Originally Posted by miceelf
I guess this is probably the heart of it. I think of the middle class as the majority of people, not a niche group.
I'm skeptical that the heart of it. Nothing in my post was meant to imply that the middle class is a niche group and not the majority of people. The point is that whatever is your economy's current pattern of consumption, there is nothing inviolable about it. Even a shift that affects the consumption patterns of the vast majority of current consumers, while it will have transitional costs, can support an altered and viable pattern of consumption. To repeat, I think it is undesirable for (mostly) non-economic reasons to see a drop in the economic power of the middle class diminish, my point is that the economy as a whole doesn't enforce that normative preference: it isn't going to resist such a shift or collapse as a result of it.
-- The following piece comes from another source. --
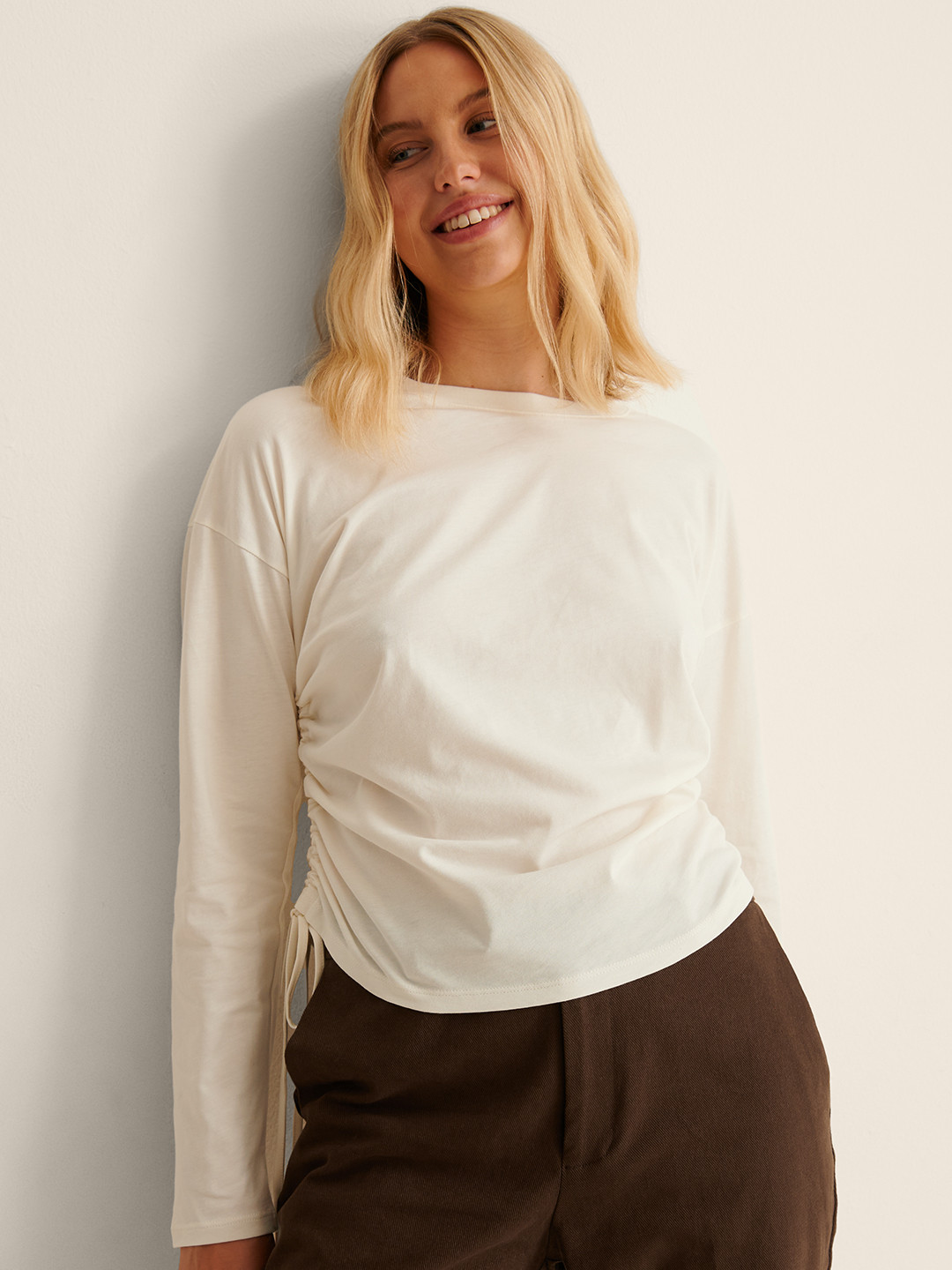 NA-KD Off White Solid Top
How, exactly does someone downsized into a minimum wage job, or into a part-time "consultant" job so that their employer doesn't have to pay benefits rustle up the capital to invest? I would certainly grant that such a person is going to consume less, but not clear on where the money is going to come from. Perhaps I am being too literal, but I dont see how this works in practical terms.
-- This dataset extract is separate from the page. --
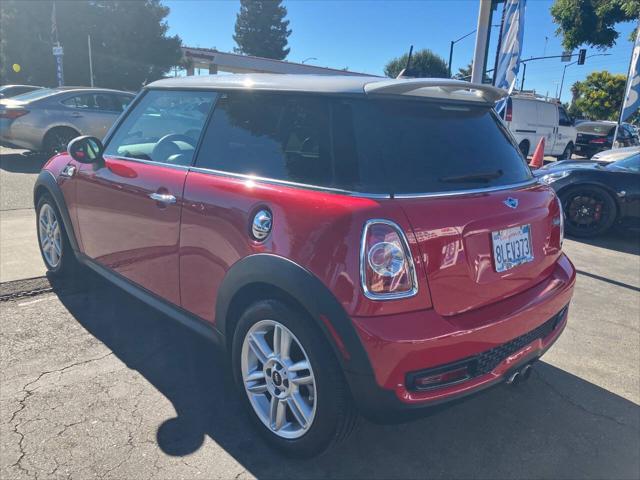 2011 MINI Cooper S S 2dr Hatchback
The circumstances that present any given individual are certainly going to determine whether it is wise or foolish for them to have any configuration of consumption, savings and investment. Your hypothetical individual might rationally do best to have a negative savings rate, and consume more than 100% of his income. Of course it might be good if the incentives facing him were such that his savings rate would be less negative
than it might otherwise be.
(Indeed, much of what we are talking about in terms of shifting the consumption-investment balance among the middle class is having savings rates that are less negative, particularly in the form of restoring equity to houses that were revealed to be underwater when the housing bubble burst.)
It is also the case that if, as stipulated, the issue we are facing is that owners of capital can demand higher than socially desirable rates of return because the supply is too scarce relative to the supply of labor, then inducing the middle class, in the aggregate, to engage in higher rates of investment will have both direct effects for individuals who will reap returns on those investments, but also indirect effects for all laborers, whether they make investments themselves, whose labor will be able to demand a greater share of returns as greater amounts of capital chase the same amount of labor.